» Data for the task
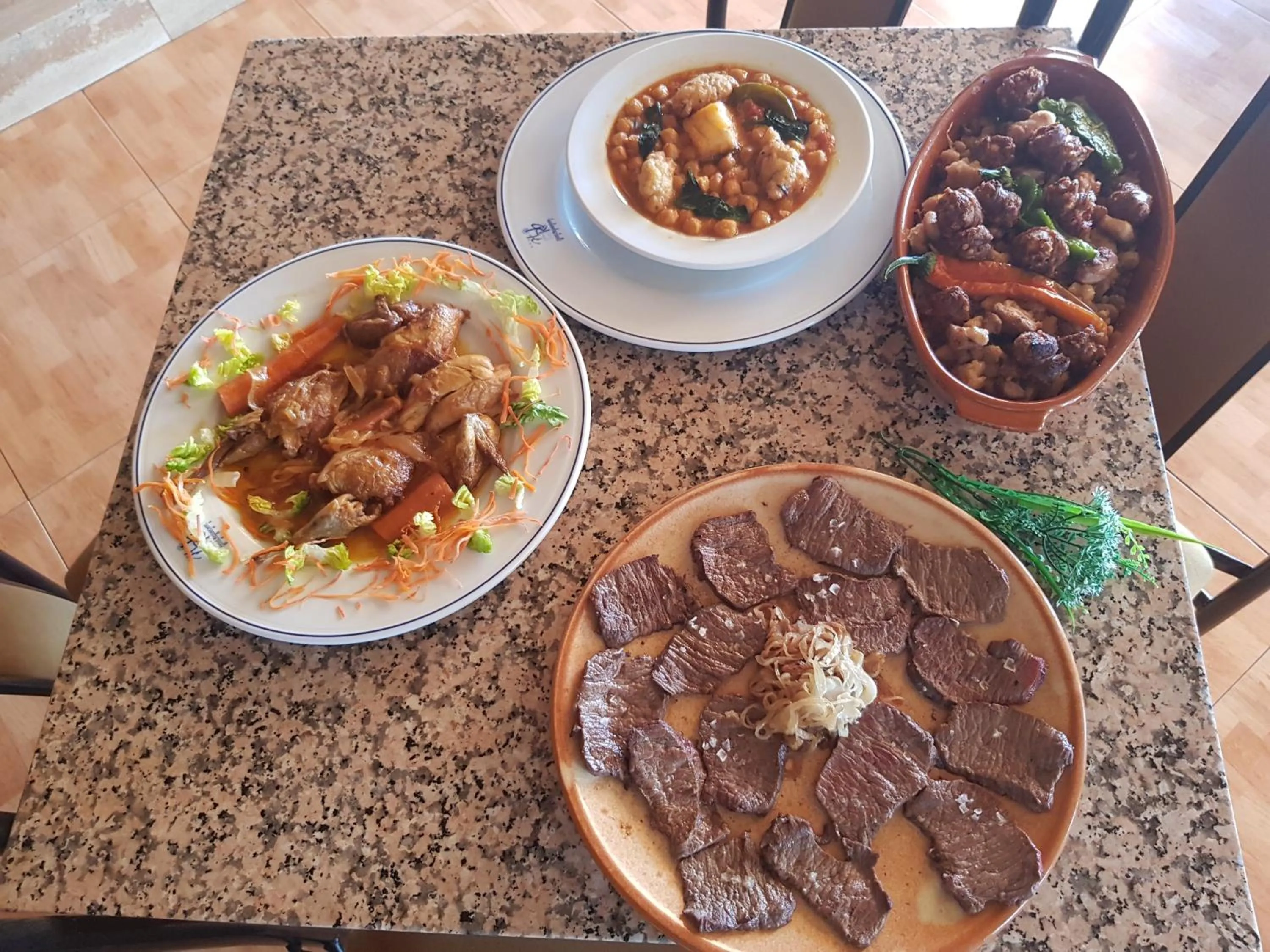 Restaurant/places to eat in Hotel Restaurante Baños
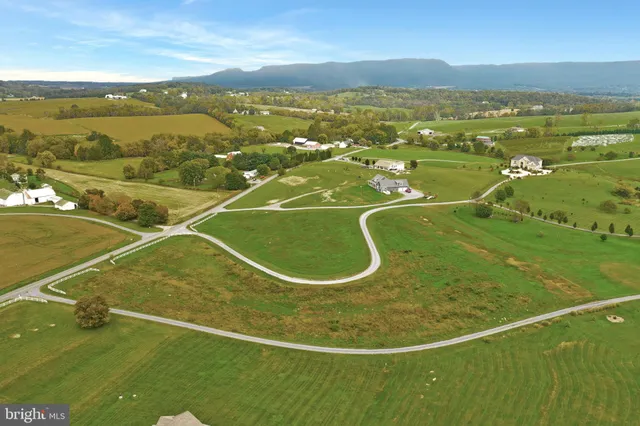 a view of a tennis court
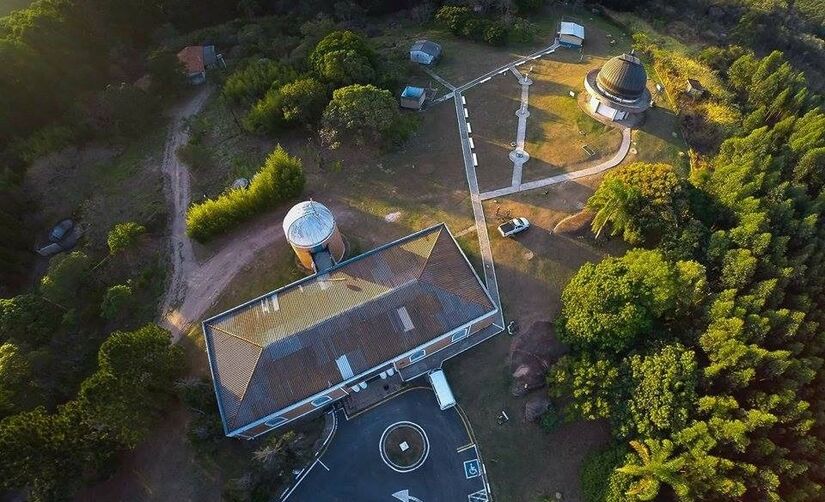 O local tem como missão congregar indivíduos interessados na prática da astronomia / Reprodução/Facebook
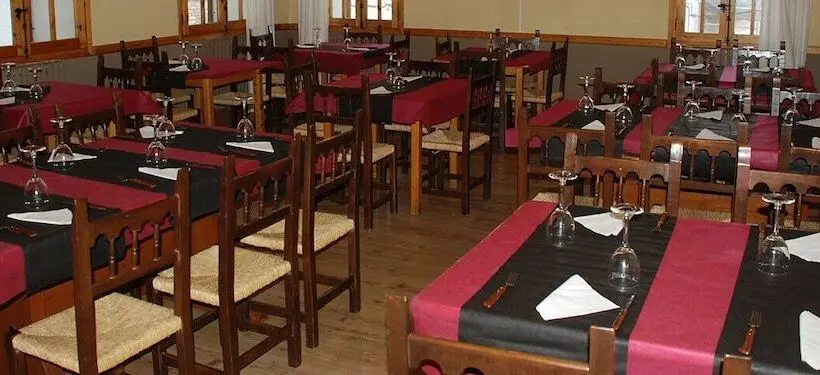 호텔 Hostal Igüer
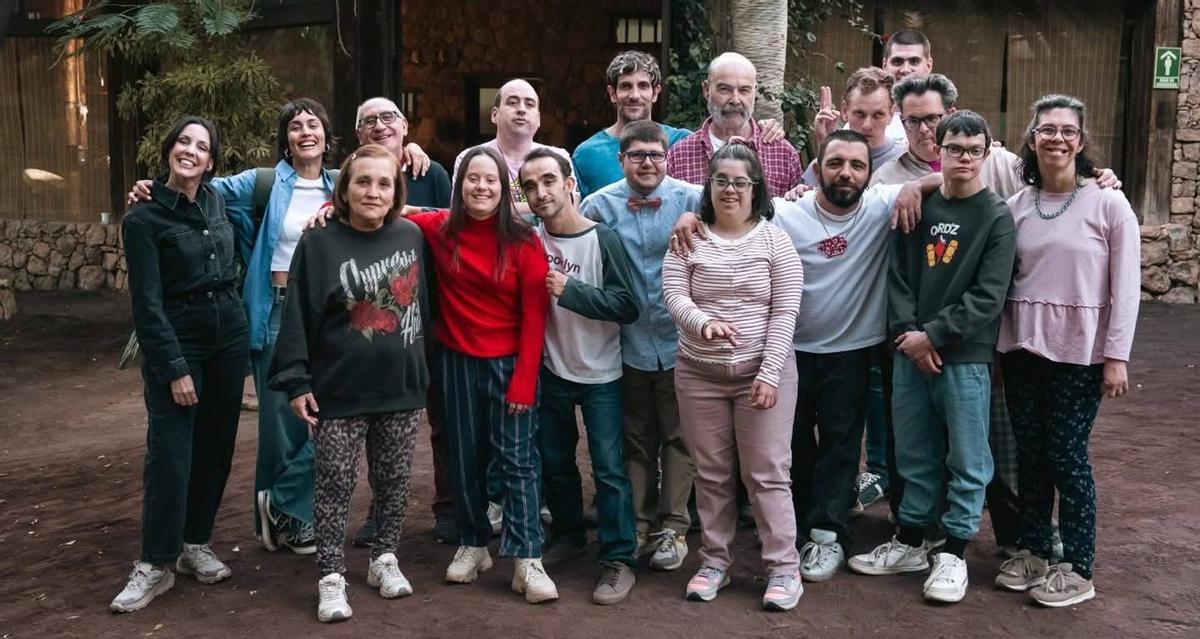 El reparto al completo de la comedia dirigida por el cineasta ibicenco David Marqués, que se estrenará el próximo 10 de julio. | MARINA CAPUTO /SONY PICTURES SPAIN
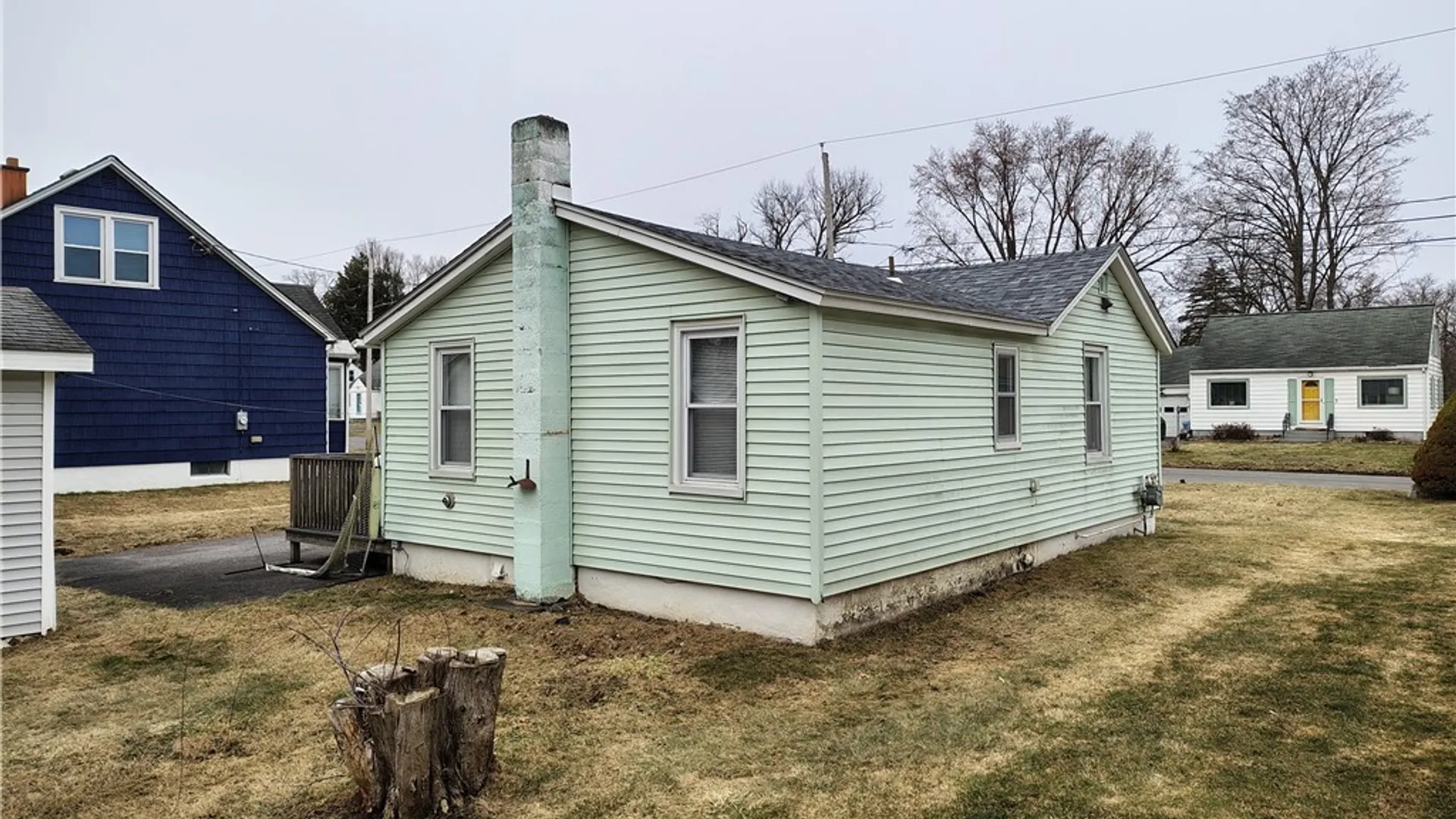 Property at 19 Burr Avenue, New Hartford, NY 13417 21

» Assigned task
Print each line of the listing exactly and include no pictures.

» Written answer
 Restaurant/places to eat in Hotel Restaurante Baños
 a view of a tennis court
 O local tem como missão congregar indivíduos interessados na prática da astronomia / Reprodução/Facebook
 호텔 Hostal Igüer
 El reparto al completo de la comedia dirigida por el cineasta ibicenco David Marqués, que se estrenará el próximo 10 de julio. | MARINA CAPUTO /SONY PICTURES SPAIN
 Property at 19 Burr Avenue, New Hartford, NY 13417 21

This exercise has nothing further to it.